I used to be more opinionated about self-describing as “coworking” and the regular mis-use of the term, but I’ve become more and more comfortable with the idea that the word coworking is as specific as the word “restaurant”, which doesn’t really describe much on its own. I’d love to see more maps (including the one you’re putting together) display with more detail what people can expect. It’s more important that people find a place that makes them happy and productive than anything else…and reducing that to “coworking” is like reducing fine dining french restaurants and mcdonalds to “restaurant”. Technically accurate, but not really helpful.

Related, this recent post caught my eye (I think Liz posted it from the GCUC account):

http://www.cloudvirtualoffice.com/blog/a-coworking-safari/

I’m especially interested in the things vary widely, really impact the experience, but are hardest to really quantify: things like “ambiance” and noise level are such relative descriptions, so the source matters a lot, too! Who’s doing the describing: the owner? The members? Visitors? In a lot of cases, their descriptions vary quite a bit.

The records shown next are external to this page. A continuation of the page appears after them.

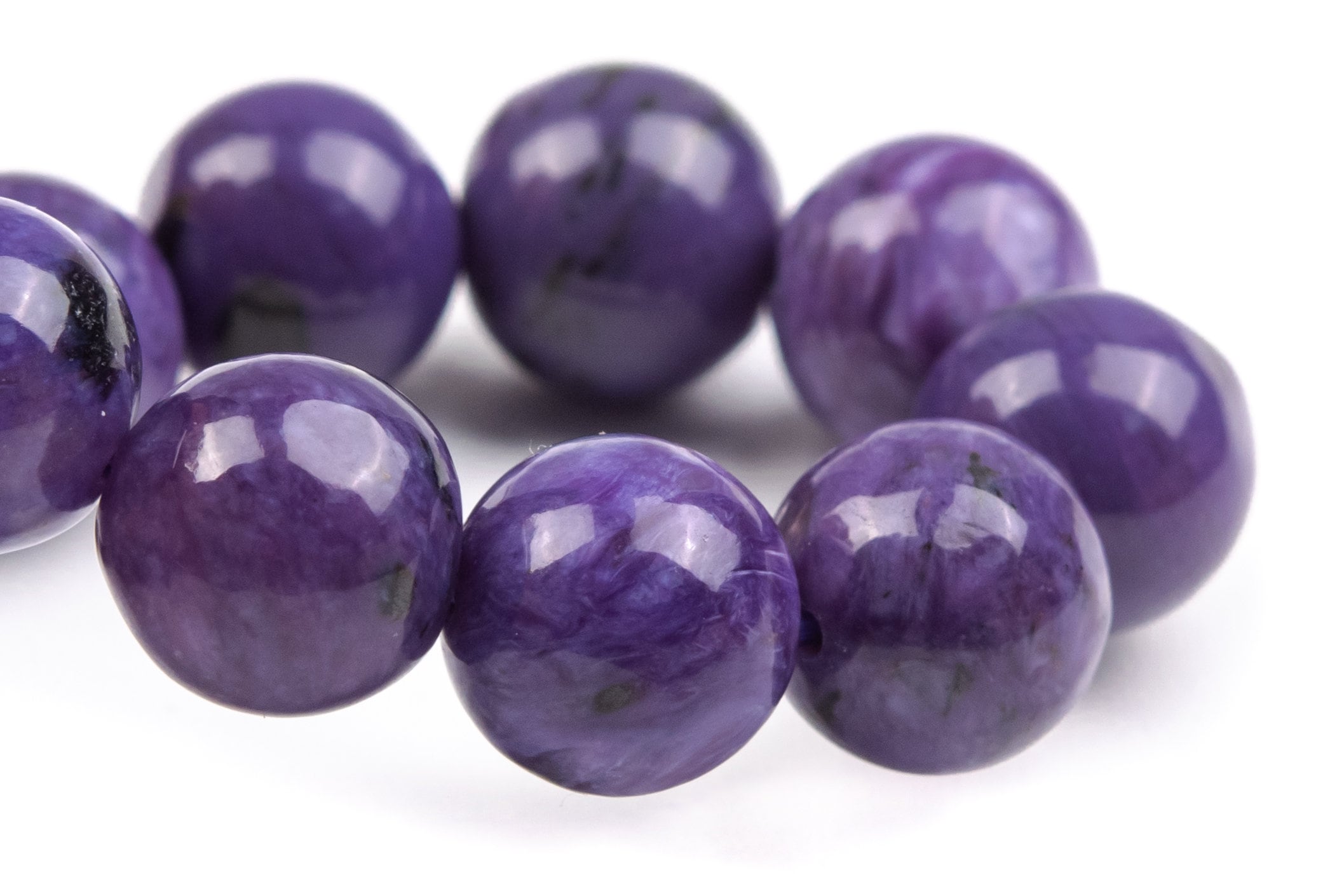 9mm Charoite Beads Deep Purple Bracelet Grade Aaa Genuine Natural Round Gemstone 7" (124608h-2025)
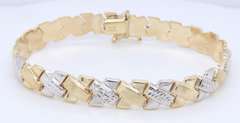 Handsome Two Tone Gold X Bracelet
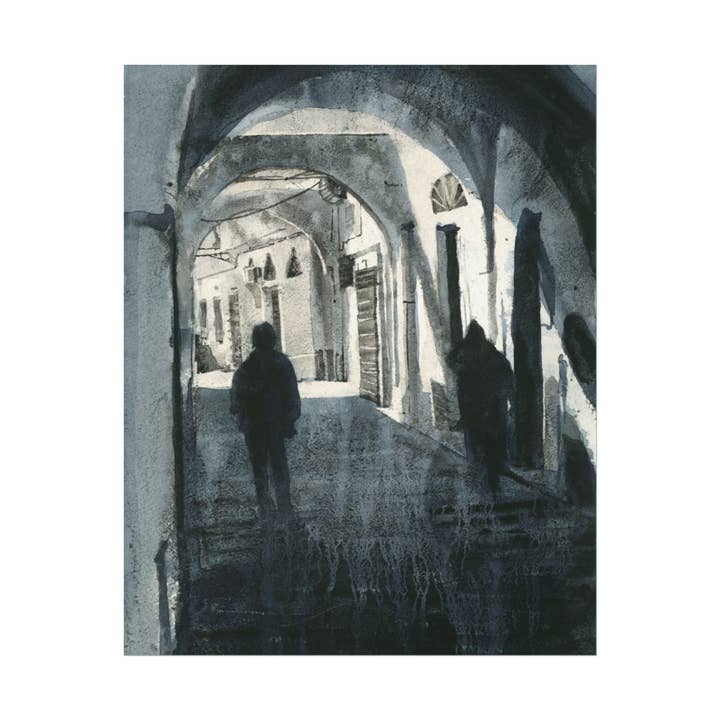 Tunis Medina Alleyway Textured Watercolor Matte Poster | Tunisian Architecture B&W Travel Decor for wholesale by Ryan Fox Fine Art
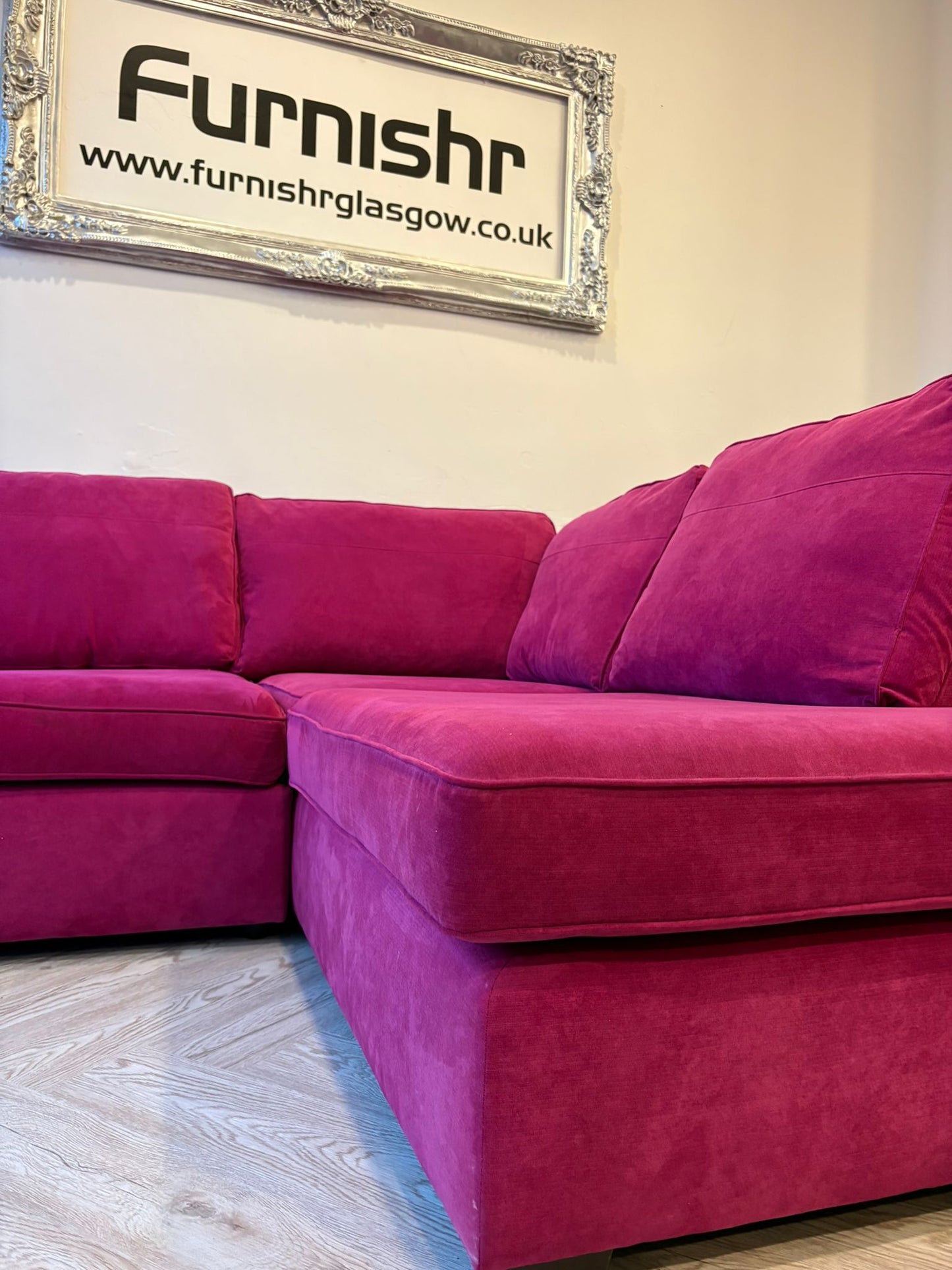 DFS Orka Corner Sofa in Hot Pink (matching swivel chair also available)#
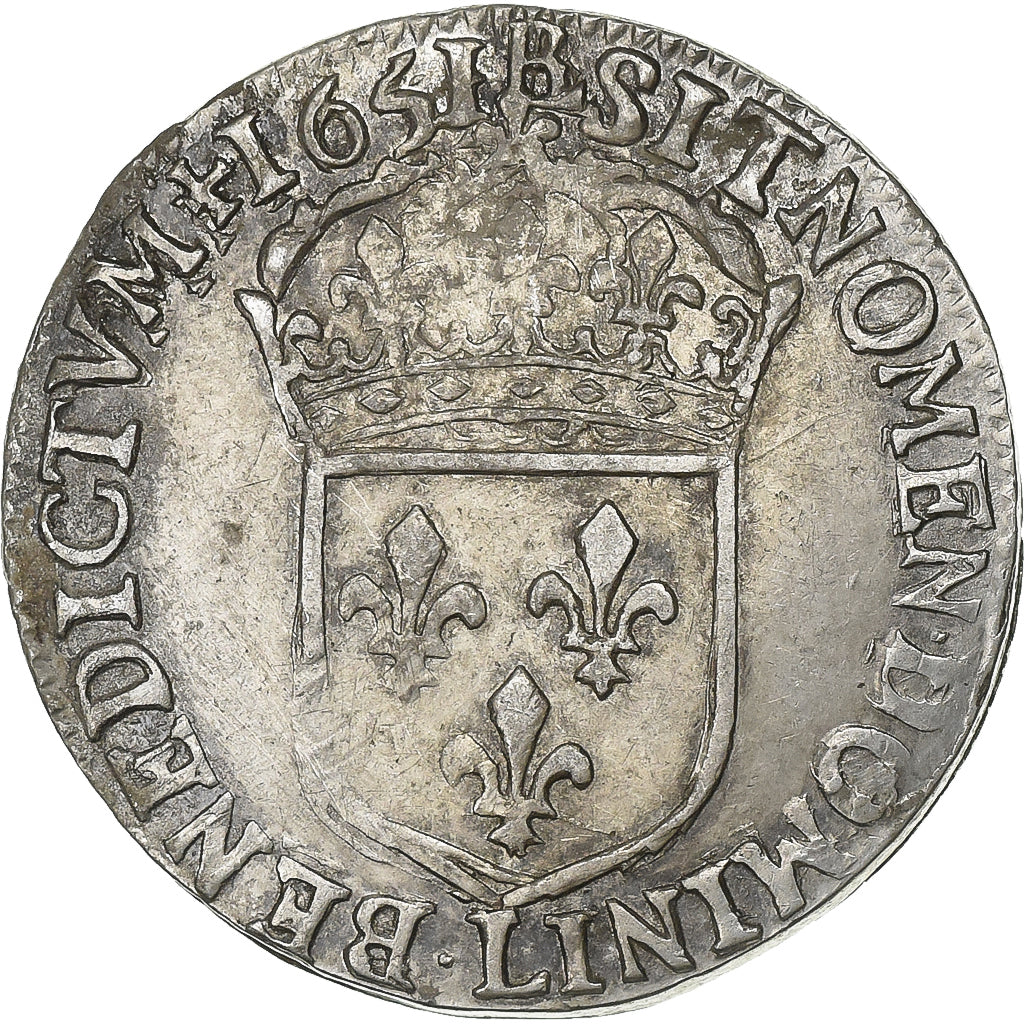 France, Louis XIV, 1/4 Écu à la mèche longue, 1651, Bayonne, Argent, TTB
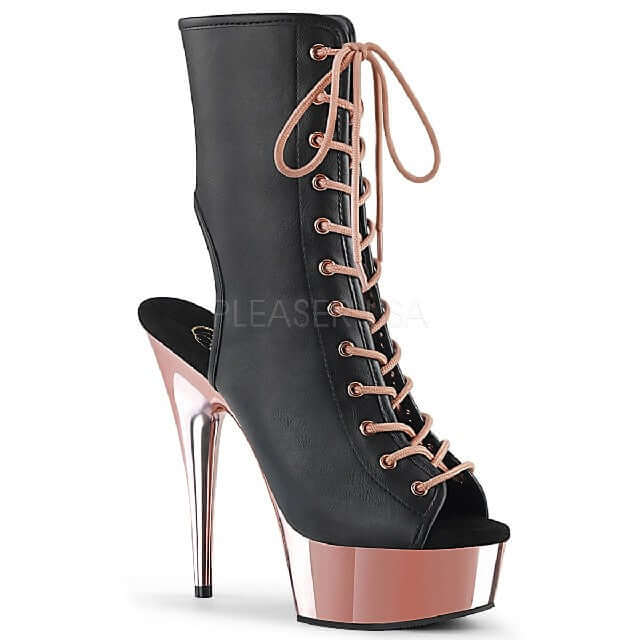 Lace Me Up: Stunning Pleaser black lace up boots with high heel, perfect for festival or rave outfits.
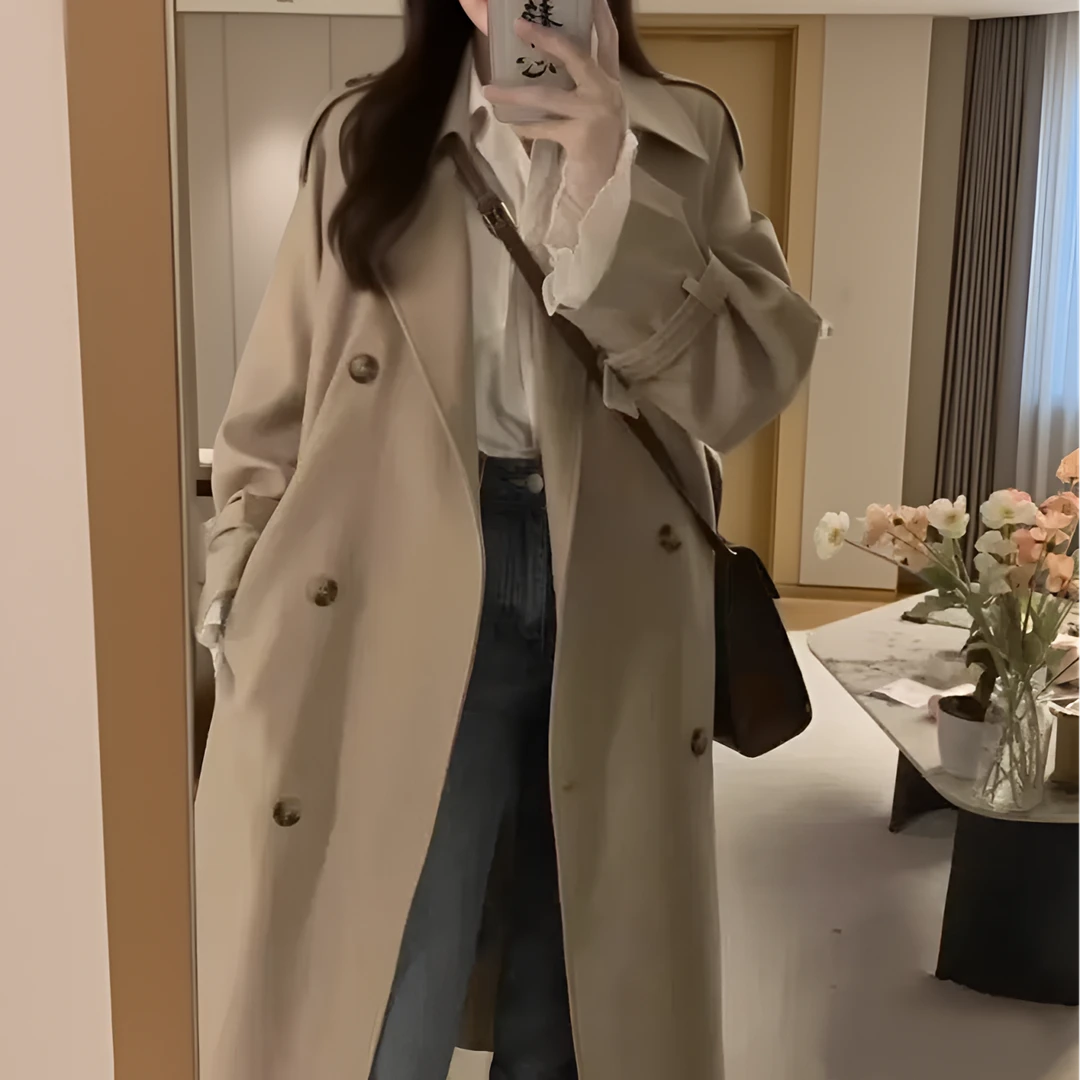风衣女中长款2025秋季新款韩系气质收腰卡其色小个子春秋大衣外套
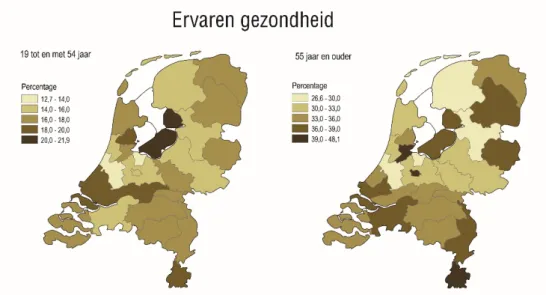 Figuur 2.1. Gewogen percentage 19-54-jarigen en 55+’ers met een matige tot  slechte ervaren gezondheid naar GGD-regio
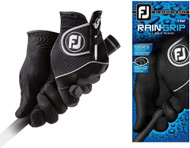 Footjoy RainGrip Golf Gloves (Black, Men's Pair, CADET SMALL) 2018 NEW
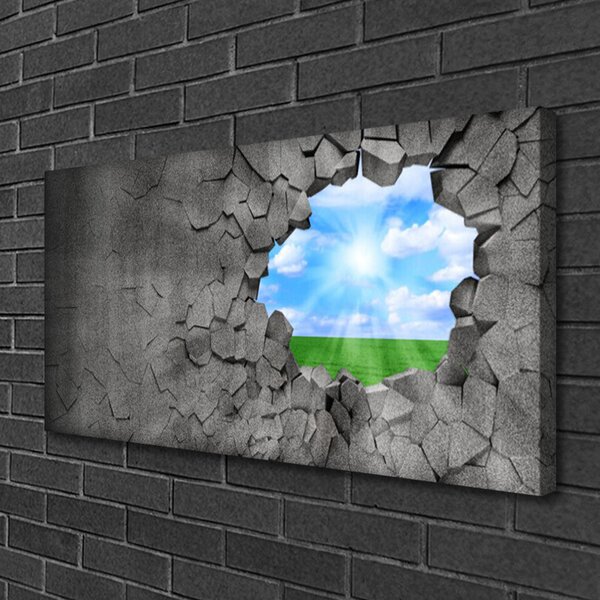 Tablou pe panza canvas Hole Grass Sky Art Gri Albastru Verde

To that point, even “non-hostile & friendly” is relative. It’s become a common theme that I hear from coworkers who visit startup-centric coworking spaces that the only time people talk to each other is when they’re pitching their startup. For some people, that’s non-hostile and friends but for others, it’s their worst nightmare.

-Alex

On Thu, Sep 11, 2014 at 12:34 PM, Ramon Suarez [email protected] wrote:

Hi everyone,

I’m working on a definition of Coworking to make it easier to choose who to include in the map of coworking spaces in Belgium. I know it can be a controversial subject and I don’t want to start a flamewar, but I would like to have your feedback on the basic elements to build this definition. I think it could also be helpful to make it easier to explain to our potential customers and journalists.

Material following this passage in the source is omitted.